Parti Québécois Leader Paul St-Pierre Plamondon announced that his party agreed to three requests made by the Conservative Party of Quebec: access to the National Assembly for press briefings, access to an office and access to closed-door sessions such as the government’s budget. The party agreed to this because the Conservative Party, despite taking 12.91 per cent of the vote, has no elected members in the current legislature.
“Given that the current voting system has caused an unprecedented distortion in the composition of the National Assembly, we must do everything in our power to restore some democratic balance,” said Plamondon, “I think that if a party gets 13 per cent of the vote, it deserves to have at least a platform to be heard in the National Assembly.” In a press release, the PQ leader added “If voices are not heard in Parliament, where things are decided, they are often heard in the street.”
These voices will be on display today in a demonstration scheduled by Mobilisation Citoyenne pour une Réforme du Scrutin (MCRS), in conjunction with several other activists and election reformist groups.

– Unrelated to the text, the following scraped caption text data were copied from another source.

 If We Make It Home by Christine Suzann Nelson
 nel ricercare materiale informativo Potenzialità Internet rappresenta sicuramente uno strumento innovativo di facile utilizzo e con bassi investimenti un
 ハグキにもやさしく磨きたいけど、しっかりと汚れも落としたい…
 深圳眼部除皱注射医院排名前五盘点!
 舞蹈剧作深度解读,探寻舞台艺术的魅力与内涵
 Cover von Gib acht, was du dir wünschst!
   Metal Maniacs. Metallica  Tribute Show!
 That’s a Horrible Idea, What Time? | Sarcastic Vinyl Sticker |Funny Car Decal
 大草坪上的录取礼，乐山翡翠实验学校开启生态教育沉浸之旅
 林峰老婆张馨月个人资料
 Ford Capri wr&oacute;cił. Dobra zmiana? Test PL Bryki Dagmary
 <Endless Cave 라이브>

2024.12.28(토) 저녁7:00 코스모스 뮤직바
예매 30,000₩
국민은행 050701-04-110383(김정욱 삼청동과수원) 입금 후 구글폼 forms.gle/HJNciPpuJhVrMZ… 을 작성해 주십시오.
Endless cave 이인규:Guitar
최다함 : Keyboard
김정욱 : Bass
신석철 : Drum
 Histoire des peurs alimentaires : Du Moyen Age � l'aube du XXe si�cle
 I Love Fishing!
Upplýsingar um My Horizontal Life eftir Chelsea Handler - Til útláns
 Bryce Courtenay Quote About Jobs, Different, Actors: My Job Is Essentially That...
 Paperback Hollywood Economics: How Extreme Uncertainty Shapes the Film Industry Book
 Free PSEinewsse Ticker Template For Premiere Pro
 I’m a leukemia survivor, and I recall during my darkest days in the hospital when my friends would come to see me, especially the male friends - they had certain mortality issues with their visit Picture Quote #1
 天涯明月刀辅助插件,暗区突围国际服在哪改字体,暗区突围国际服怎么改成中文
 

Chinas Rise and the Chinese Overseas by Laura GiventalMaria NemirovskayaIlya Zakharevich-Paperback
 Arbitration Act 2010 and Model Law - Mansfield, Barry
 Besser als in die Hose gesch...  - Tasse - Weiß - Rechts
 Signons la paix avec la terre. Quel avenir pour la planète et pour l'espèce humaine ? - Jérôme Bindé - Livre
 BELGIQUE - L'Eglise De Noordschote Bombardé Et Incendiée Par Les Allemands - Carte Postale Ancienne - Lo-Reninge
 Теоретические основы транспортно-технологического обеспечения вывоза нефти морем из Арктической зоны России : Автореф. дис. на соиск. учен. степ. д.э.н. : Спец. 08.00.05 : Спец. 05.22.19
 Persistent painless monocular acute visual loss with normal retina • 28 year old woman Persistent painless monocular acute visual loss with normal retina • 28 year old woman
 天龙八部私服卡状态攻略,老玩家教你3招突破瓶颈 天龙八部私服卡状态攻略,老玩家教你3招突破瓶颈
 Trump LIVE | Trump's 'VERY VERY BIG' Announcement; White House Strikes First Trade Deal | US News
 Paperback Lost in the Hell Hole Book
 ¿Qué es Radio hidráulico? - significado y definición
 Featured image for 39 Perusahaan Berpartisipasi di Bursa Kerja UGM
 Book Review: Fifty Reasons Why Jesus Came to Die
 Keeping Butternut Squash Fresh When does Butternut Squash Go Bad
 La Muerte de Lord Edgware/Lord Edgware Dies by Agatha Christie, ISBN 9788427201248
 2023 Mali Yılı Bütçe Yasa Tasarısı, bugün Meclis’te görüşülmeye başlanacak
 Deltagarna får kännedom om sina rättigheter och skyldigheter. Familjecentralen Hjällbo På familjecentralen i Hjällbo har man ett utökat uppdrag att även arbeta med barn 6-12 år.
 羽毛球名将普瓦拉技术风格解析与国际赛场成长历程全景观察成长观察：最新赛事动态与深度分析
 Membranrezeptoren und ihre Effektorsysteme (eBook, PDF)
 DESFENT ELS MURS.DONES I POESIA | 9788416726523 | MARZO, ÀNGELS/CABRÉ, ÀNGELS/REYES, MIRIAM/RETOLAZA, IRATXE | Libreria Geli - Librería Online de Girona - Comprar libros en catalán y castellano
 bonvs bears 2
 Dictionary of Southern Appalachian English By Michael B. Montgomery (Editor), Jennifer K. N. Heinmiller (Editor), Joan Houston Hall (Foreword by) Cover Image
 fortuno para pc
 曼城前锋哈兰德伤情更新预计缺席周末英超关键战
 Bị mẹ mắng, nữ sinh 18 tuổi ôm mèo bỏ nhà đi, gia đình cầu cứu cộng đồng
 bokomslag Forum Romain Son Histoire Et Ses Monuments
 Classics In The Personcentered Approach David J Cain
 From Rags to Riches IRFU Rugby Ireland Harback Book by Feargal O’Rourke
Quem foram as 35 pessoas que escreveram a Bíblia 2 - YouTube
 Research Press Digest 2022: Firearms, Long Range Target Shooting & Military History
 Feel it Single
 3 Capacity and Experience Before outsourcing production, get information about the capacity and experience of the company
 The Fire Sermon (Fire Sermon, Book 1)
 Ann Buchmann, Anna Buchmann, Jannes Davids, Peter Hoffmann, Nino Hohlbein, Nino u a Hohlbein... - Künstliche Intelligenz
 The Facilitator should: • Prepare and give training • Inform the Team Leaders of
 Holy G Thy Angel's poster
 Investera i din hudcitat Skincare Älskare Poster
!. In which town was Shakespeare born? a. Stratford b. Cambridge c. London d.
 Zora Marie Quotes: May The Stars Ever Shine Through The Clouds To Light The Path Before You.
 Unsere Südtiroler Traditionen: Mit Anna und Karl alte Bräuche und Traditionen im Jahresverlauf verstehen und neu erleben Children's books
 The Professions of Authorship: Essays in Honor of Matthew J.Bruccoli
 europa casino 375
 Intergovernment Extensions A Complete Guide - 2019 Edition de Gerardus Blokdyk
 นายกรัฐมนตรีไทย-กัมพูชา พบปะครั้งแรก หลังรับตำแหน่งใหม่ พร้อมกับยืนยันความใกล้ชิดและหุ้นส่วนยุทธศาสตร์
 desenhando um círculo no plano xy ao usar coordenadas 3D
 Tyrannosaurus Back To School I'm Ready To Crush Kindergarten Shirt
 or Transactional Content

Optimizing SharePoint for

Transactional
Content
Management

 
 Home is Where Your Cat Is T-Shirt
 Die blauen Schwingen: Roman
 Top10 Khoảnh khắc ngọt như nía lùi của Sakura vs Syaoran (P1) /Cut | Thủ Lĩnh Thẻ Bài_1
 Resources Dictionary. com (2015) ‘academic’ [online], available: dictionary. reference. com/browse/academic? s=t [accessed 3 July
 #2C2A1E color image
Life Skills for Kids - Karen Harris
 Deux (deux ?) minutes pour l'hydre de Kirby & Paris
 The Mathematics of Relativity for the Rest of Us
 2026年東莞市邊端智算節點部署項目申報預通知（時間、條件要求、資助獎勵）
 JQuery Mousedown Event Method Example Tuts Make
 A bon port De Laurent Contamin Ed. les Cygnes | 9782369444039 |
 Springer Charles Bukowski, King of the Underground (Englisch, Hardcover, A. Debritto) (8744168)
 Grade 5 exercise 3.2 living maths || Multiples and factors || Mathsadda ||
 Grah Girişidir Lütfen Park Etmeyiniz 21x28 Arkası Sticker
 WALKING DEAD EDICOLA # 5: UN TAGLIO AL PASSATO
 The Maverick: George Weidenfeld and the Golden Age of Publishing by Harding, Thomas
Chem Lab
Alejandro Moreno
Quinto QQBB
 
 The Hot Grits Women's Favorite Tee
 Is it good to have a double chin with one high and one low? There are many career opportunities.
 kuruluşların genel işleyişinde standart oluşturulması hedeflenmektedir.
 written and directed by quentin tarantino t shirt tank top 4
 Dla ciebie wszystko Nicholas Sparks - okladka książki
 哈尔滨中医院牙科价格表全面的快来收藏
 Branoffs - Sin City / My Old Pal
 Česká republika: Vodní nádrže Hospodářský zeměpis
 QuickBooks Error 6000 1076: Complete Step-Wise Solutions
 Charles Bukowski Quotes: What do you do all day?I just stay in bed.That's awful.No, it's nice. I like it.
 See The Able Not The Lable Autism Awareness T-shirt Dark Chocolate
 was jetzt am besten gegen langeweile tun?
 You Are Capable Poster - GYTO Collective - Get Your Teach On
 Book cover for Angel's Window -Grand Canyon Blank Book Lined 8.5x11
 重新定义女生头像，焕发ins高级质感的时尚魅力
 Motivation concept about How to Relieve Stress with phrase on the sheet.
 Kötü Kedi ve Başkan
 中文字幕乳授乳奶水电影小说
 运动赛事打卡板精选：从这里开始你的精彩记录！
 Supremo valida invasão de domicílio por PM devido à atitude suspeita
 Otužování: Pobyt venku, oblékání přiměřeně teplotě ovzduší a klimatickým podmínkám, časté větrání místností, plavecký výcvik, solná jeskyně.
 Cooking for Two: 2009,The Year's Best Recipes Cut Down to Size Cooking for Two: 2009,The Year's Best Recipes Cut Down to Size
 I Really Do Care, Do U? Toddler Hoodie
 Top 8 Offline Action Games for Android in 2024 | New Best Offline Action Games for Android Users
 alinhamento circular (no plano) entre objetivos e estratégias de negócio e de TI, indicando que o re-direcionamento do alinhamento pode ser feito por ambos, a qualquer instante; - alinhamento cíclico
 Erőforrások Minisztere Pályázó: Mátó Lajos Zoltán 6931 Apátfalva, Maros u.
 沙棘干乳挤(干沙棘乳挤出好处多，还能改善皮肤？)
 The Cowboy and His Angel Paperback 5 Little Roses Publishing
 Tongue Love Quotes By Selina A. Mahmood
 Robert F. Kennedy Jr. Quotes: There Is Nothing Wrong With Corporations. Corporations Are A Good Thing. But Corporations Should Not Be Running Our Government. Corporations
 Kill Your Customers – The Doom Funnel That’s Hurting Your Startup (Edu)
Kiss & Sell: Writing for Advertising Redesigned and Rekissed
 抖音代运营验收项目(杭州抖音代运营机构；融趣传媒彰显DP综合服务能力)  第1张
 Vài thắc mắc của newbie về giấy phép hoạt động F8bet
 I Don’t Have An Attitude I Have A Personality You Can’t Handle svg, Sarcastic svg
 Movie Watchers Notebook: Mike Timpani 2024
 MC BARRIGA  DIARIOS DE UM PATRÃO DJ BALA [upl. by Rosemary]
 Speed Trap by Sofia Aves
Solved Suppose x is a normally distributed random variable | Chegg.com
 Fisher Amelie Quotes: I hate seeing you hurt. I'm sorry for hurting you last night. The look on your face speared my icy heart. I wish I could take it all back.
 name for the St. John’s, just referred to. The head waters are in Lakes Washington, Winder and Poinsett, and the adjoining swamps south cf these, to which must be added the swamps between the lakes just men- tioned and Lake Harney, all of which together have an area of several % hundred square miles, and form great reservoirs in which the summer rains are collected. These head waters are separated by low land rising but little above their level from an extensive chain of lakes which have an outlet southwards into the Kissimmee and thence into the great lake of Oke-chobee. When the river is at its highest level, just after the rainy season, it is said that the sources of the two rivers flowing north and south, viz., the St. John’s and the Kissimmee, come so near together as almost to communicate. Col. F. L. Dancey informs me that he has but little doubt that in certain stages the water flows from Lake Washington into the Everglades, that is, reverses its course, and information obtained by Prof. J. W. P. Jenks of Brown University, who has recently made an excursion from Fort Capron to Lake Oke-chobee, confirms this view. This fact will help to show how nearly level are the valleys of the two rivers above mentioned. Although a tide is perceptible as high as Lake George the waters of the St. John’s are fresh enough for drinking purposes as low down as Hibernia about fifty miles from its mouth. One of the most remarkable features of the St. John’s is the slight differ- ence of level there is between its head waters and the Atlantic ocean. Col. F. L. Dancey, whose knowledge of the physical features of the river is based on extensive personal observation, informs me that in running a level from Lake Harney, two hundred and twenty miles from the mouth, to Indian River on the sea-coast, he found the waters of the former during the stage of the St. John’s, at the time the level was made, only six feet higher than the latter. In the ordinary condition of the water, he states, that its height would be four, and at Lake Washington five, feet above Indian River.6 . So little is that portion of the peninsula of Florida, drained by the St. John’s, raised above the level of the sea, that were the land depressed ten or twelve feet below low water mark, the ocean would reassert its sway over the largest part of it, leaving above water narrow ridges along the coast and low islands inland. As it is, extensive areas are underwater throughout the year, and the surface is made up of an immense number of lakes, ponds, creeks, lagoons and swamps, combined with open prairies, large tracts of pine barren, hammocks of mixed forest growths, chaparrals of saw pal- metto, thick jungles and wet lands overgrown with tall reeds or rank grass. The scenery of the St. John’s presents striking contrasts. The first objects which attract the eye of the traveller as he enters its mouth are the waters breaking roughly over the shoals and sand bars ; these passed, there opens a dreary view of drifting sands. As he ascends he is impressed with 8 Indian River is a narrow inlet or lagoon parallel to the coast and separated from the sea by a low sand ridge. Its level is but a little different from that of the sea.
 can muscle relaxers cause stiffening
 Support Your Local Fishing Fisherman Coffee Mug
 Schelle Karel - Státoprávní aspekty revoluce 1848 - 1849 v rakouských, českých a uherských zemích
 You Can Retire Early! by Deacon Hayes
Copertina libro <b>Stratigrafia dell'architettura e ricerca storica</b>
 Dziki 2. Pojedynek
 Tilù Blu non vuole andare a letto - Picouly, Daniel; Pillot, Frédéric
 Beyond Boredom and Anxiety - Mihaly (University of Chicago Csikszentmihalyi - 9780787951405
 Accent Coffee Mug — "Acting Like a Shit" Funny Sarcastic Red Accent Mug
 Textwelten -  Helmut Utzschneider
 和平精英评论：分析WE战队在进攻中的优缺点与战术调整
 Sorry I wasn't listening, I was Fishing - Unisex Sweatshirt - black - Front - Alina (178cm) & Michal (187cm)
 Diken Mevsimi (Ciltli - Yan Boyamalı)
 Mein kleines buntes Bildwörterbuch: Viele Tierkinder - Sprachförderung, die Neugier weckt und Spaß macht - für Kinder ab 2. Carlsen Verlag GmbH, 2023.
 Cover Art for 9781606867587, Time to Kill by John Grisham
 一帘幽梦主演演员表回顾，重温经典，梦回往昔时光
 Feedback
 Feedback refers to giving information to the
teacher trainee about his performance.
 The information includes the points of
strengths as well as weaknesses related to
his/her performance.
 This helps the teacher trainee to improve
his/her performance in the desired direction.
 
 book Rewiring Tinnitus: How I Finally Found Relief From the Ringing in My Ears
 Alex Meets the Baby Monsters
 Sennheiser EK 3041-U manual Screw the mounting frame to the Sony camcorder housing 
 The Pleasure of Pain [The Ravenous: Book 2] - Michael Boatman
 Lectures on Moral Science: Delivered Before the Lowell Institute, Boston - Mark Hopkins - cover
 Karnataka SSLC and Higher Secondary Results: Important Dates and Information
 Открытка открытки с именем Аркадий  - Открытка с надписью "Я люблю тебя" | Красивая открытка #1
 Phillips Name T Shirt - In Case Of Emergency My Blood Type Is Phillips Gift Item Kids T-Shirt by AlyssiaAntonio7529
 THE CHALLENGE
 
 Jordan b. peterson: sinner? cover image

MCRS, whose goal is to mobilize the population in order to put in place a mixed-member proportional voting system with national compensation and regional distribution, will be protesting at noon in front of the National Assembly in Quebec City.
According to the PQ leader, the actions of the three dominating parties have actually increased the distortion of power. “None of the parties present at the negotiating table, whether the PLQ, the CAQ or QS…sought to reform the method of allocating resources,” said Plamondon, referring to the four party’s striking of a deal regarding speaking time, budgets, and more before the legislature convened.
Although first-past-the-post voting systems, where only the largest share of votes are needed for a party to win, are widely used, they commonly produce electoral results contrary to what the majority wants. In Quebec, despite the PQ (14.61 per cent) outperforming the Liberals (14.37 per cent), the PQ received the smallest share of the seats in this election (3) compared to the Liberals (21).